Please output only the lines that run from the line containing "Unisex Casual Tights" through the end of the material below, exactly.

**Data for this exercise:**
══════════
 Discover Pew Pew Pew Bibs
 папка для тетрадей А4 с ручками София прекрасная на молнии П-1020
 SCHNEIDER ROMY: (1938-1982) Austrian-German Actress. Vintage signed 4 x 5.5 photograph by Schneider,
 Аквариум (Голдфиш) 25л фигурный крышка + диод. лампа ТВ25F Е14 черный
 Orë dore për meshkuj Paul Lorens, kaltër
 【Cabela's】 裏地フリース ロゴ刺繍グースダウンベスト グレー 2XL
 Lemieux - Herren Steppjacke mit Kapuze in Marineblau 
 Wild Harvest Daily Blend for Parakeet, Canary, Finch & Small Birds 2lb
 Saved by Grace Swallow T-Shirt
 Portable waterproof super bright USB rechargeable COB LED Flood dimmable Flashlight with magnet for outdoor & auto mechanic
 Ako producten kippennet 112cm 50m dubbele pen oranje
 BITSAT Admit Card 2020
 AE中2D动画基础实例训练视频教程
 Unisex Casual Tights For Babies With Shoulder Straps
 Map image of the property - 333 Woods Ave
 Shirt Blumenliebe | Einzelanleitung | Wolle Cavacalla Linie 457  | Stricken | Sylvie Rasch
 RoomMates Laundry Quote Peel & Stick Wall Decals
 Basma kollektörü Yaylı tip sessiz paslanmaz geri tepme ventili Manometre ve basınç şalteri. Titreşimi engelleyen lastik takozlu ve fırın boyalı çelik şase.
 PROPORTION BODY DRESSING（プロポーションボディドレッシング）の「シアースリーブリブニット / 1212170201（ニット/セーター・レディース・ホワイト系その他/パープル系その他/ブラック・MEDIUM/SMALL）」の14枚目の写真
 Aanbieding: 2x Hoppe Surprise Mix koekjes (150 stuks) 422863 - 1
══════════
**Exercise response:**
 Unisex Casual Tights For Babies With Shoulder Straps
 Map image of the property - 333 Woods Ave
 Shirt Blumenliebe | Einzelanleitung | Wolle Cavacalla Linie 457  | Stricken | Sylvie Rasch
 RoomMates Laundry Quote Peel & Stick Wall Decals
 Basma kollektörü Yaylı tip sessiz paslanmaz geri tepme ventili Manometre ve basınç şalteri. Titreşimi engelleyen lastik takozlu ve fırın boyalı çelik şase.
 PROPORTION BODY DRESSING（プロポーションボディドレッシング）の「シアースリーブリブニット / 1212170201（ニット/セーター・レディース・ホワイト系その他/パープル系その他/ブラック・MEDIUM/SMALL）」の14枚目の写真
 Aanbieding: 2x Hoppe Surprise Mix koekjes (150 stuks) 422863 - 1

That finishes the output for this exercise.